From the lows of $1.85/mBtu recorded in May 2020, the prises of LNG increased to $7.3/mBtu in November end. However, in the second week of January, Asian spot LNG rates rose to an all-time high $32.5/mBtu as severe winter in Northeast Asia raised demand amid outages at several liquefaction plants, transit delays for US cargoes at the Panama Canal and LNG carrier shortage curbing supply.

Even as overall demand of natural gas fell 5 per cent annually to 45,211 million metric standard cubic metre (mmscm) amid Coronavirus disruptions in the April-December period, LNG imports rose marginally up 0.7 per cent to 24,753 mmscm in the same period.

The value of LNG imports, however, dropped 28 per cent year-on-year to $5.1 billion as the average rate of spot LNG in April-December was only $4.5/million British thermal unit (mBtu) which is half the price of long term LNG.

“The current high spot LNG prices will lead to a rethink by several buyers in committing for new long-term firm LNG as against increasing their spot market exposure,” said Prashant Vasisht, vice-president of Icra. He expects the current level of high prices to ease with the onset of spring and summer and supply-side issues getting addressed.

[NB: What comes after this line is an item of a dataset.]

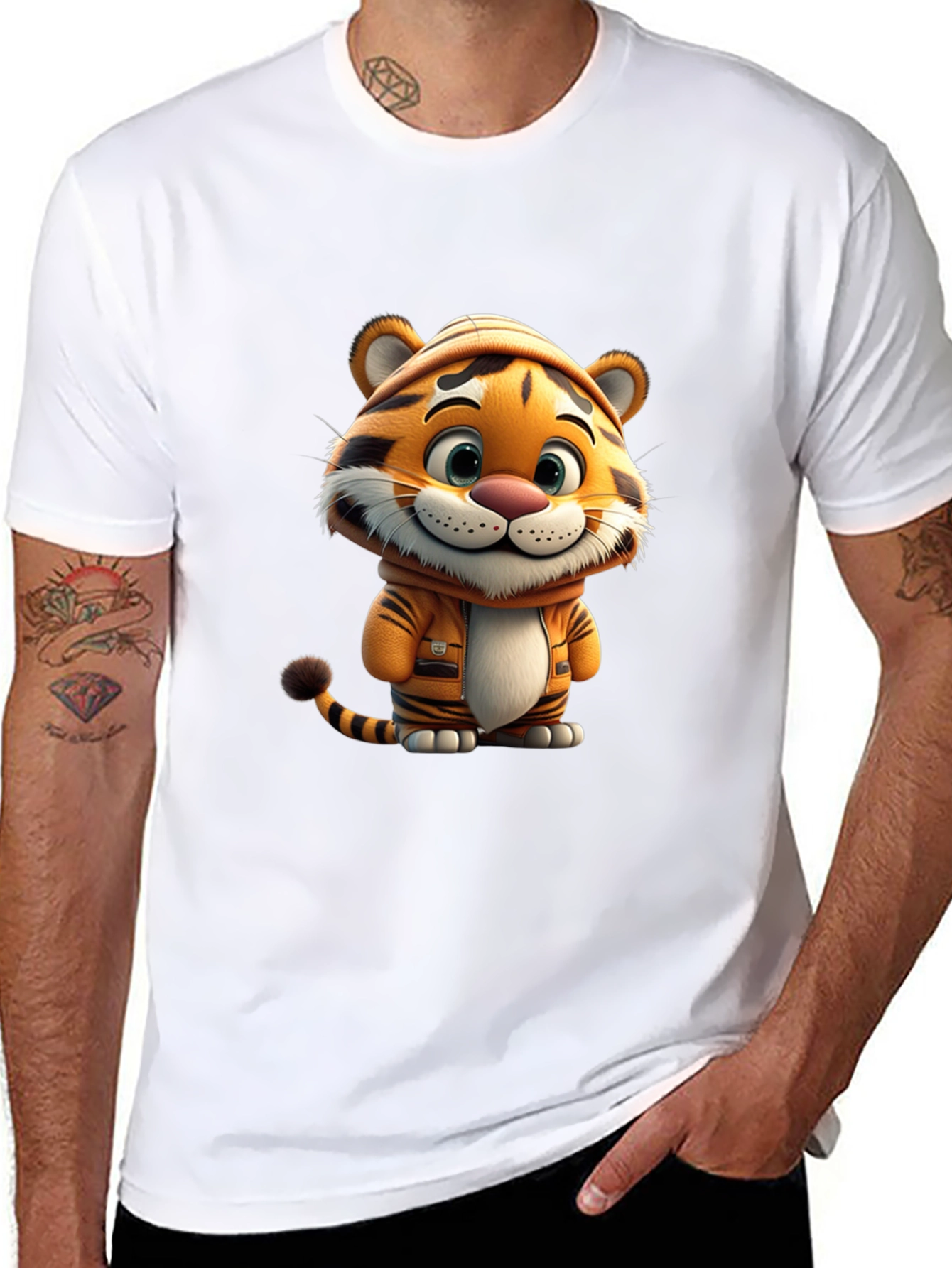 Black Cute Cartoon Tiger Black T-Shirt view 8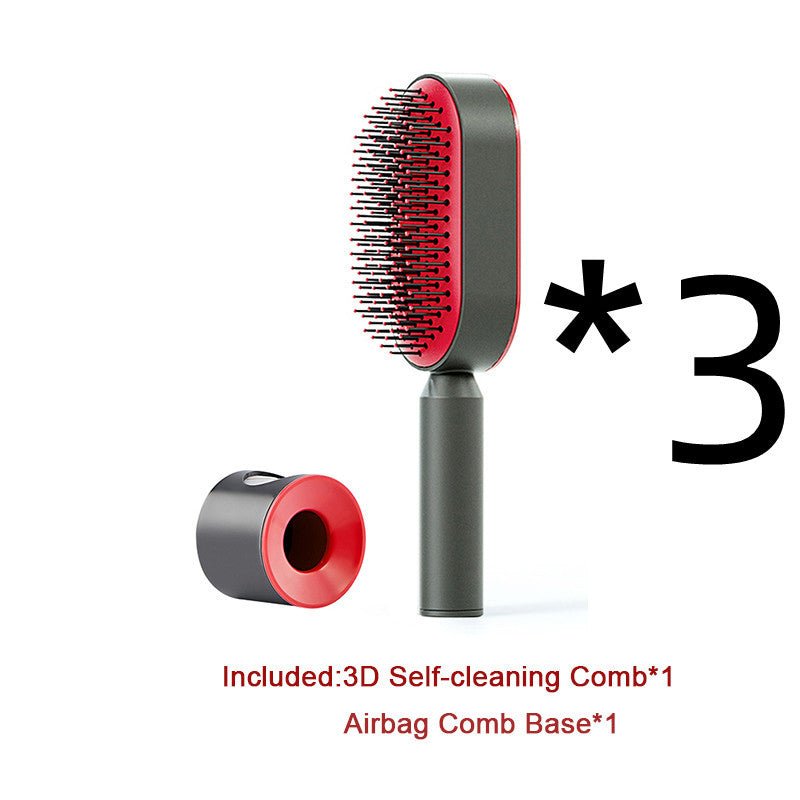 Self Cleaning Hair Brush For Women One-key Cleaning Hair Loss Airbag Massage Scalp Comb Anti-Static Hairbrush $41.17 Dana Fashion Color: 3pcs Set A Beauty Tools Overview: 1. 3D Air Cushion Design: This brush has an oval base and a soft cushion base, wide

Reaping the benefit of lower spot LNG rates around 2,600 megawatt (MW) of state-owned gas-based plants of Gujarat (Pipapav, Uran, Dhuvaran, Utran and Hazira units) increased their capacity utilisation levels two to three times from last year. Electricity production from Torrent Power’s 1,200 MW Dgen unit and NTPC’s 657 MW Gandhar gas plant, also in Gujarat, have more than doubled from last year.

Analysts at ICICI Securities expect spot LNG to trade at $16.2/mBtu in Q4, FY21, which is prohibitively high for power generation.